If I'm not mistaken, then, it would seem you can do the same thing yourself by
just blocking on CGLFlushDrawable() and setting up a timer on the refresh rate
as soon as it returns. (I guess that's similar to what mstange suggested in
the comments.) At least CVDisplayLink tweaks timer parameters in order to get
the timer to fire more reliably.

------
Someone
The documentation
([https://developer.apple.com/library/content/documentation/Gr...](https://developer.apple.com/library/content/documentation/GraphicsImaging/Conceptual/CoreVideo/CVProg_Concepts/CVProg_Concepts.html))
doesn’t mention vertical refresh interrupts.

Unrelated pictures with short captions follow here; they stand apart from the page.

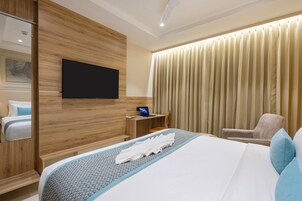 Premium Oda | Odada kasa, masa, dizüstü bilgisayar çalışma alanı, güneşlik/perde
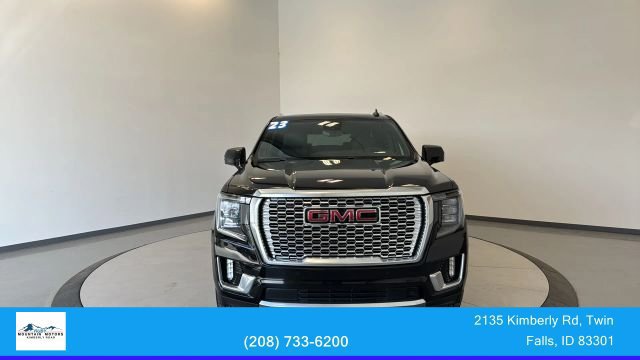 Used 2023 GMC Yukon XL Denali w/ Denali Reserve Package AWD/4WD image 2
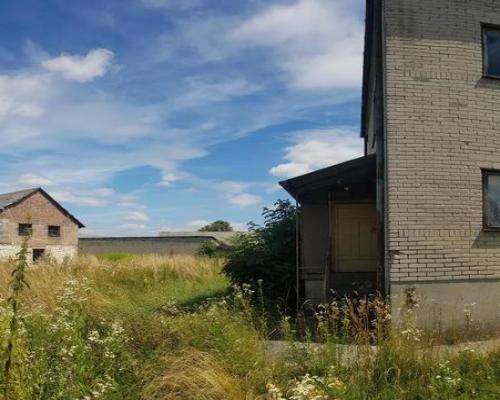 Dom Niezabitów kolonia działka 21a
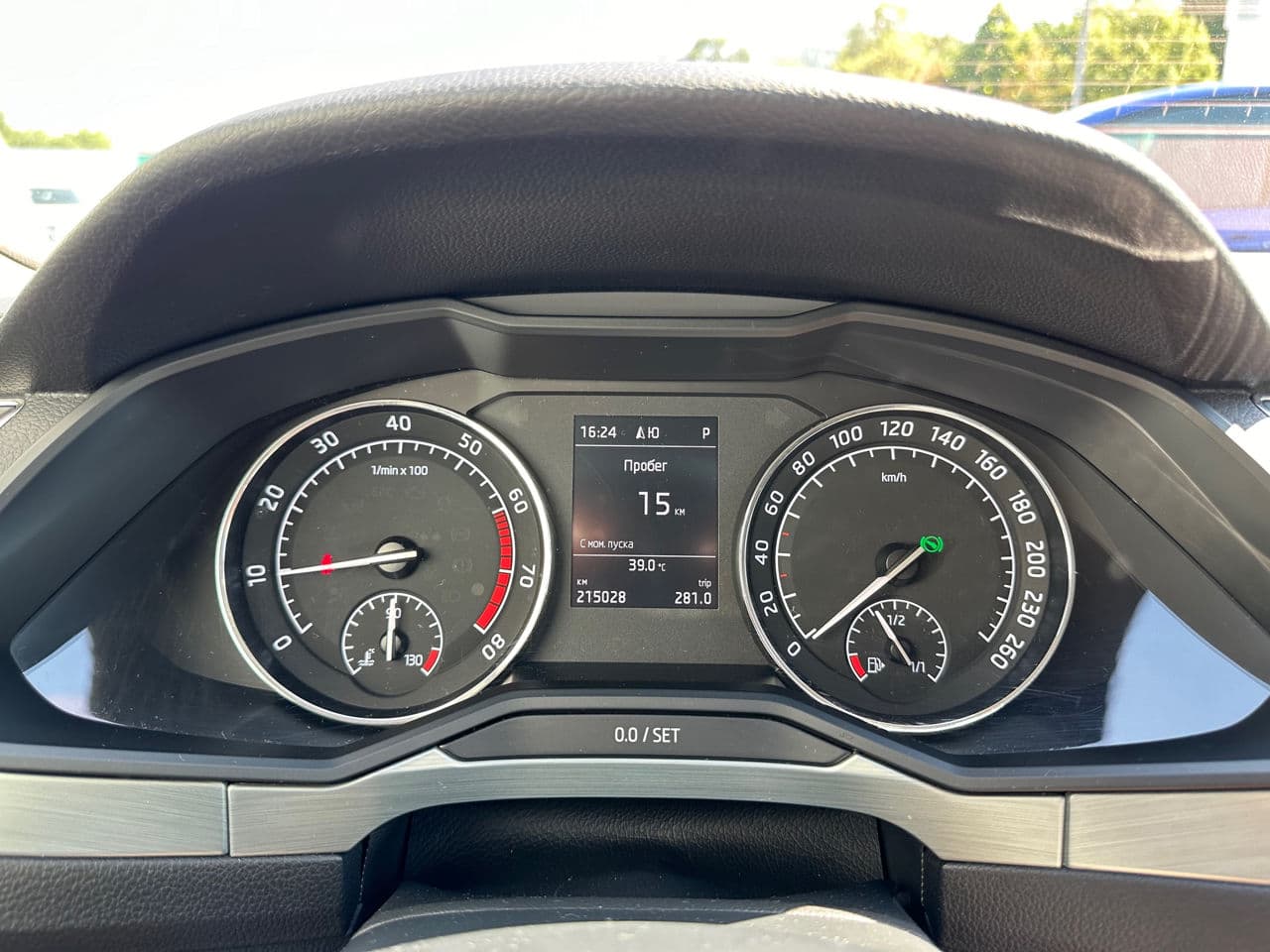 Skoda Superb 2016 — Миниатюра 11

It also says _”In the past, synchronizing your video frames with the display’s
refresh rate was often a problem, especially if you also had audio. You could
only make simple guesses for when to output a frame […] which didn’t take into
account possible latency from user interactions, CPU loading, window
compositing and so on. The Core Video display link can make intelligent
estimates for when a frame needs to be output, based on display type and
latencies. […] If for some reason the processing takes longer than expected
(that is, the display link’s estimate is off), the video graphics card can
still drop frames or otherwise compensate for the timing error as
necessary.”_.

So, disassembling the code wasn’t strictly necessary.

Combining this with this article, it seems they try to call your program as
late as possible, possibly to decrease latency between the time you have
influence on what is displayed and the time it is displayed. Could that
_especially if you also had audio_ be the reason they do that, as it might
make it easier to keep audio in sync with video?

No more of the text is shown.